The Communication Museum in Frankfurt is a fun place for both kids and adults. It is fairly interactive and is set in a light and airy space that is pleasant to be in. Though all the exhibit explanations are in German, it is still interesting to go and see how the history of communication developed in the world. They offer audio guides at the entrance for an extra 2 euro.
The museum is divided into sections, beginning with the history of writing or using signals to communicate, like fire or smoke. It moves on to letters and the postal system, which in Germany began in 1490. Next comes the telegraph and they have some of the telegrams from the Titanic you can read, then of course the telephone, radio, television and the internet. I liked seeing the Enigma machine and the post coaches. They also have a Deutsche Post train car and a modern sorting machine. It wasn’t until I went here that I discovered that the first television program began in Berlin in March, 1935. Who knew? There is also a section showing communication in artworks which is kind of fascinating. What’s not to like about a lobster phone? They have a lot of workshops for kids here, some are open to everyone where the kids can construct things but also private ones, as the museum seems to be quite popular for birthday parties.

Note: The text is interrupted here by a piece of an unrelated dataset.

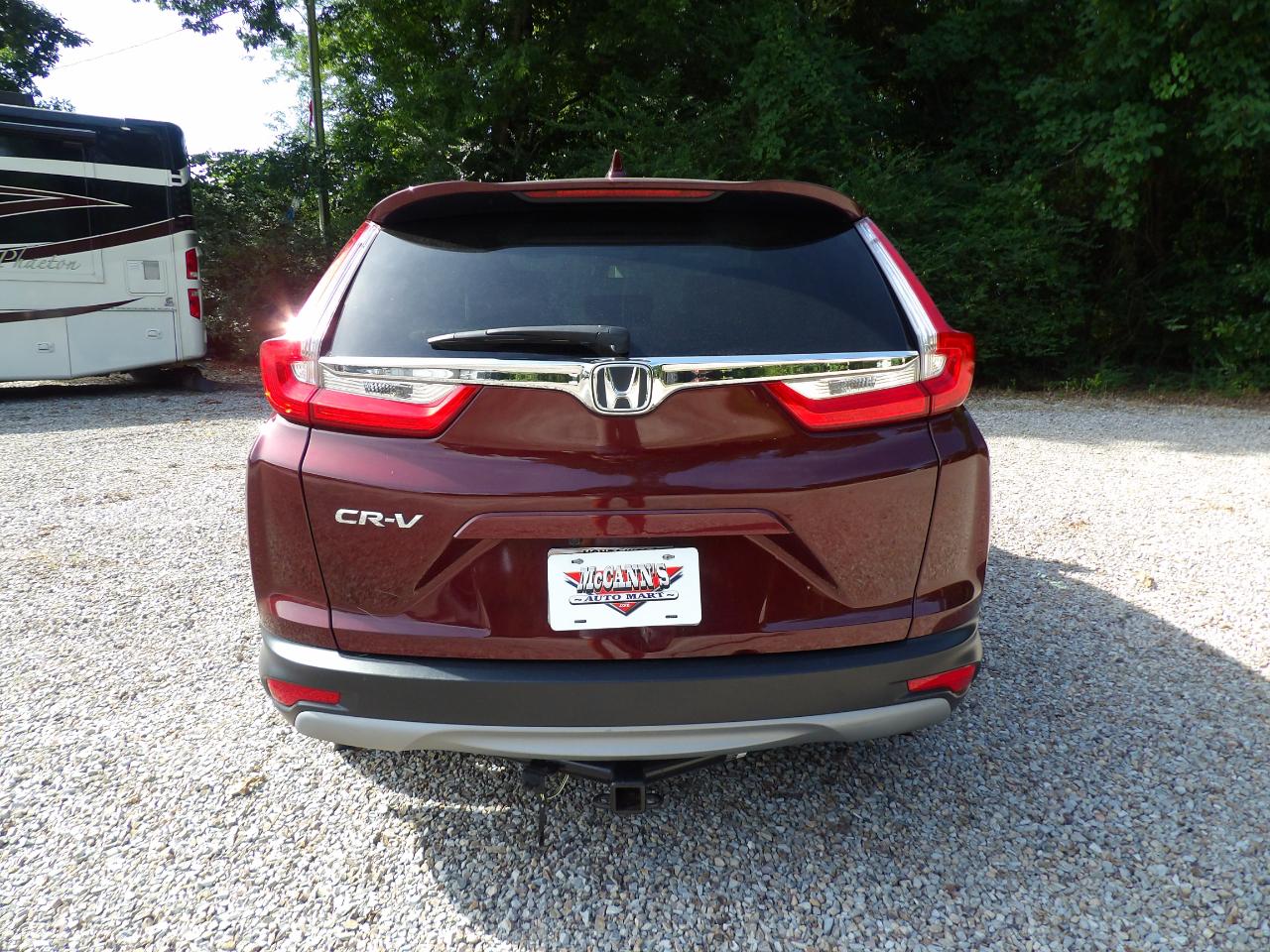Honda CR-V EX 2WD 2018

The Museum is open: Tues.- Fri. from 09:00-19:00
Sat. Sun. and Holidays from 11:00-19:00
Adults – 3 €
Kids 6 – 16 – 1.50 €
Fridays are free for school classes and groups
This museum is usually packed on the “Night of the Museums” as it is a popular place to go. Also a good place to stop during the Museum Riverbank Fest.
We will be happy to include this on your private tour, if Communications are one of your interests, and you would like translations of the exhibits.
I wish the website was in English, but it isn’t. You can still take a look at it though to get a bit of an idea of what the museum looks like. Hope you enjoy your visit here as much as I always do.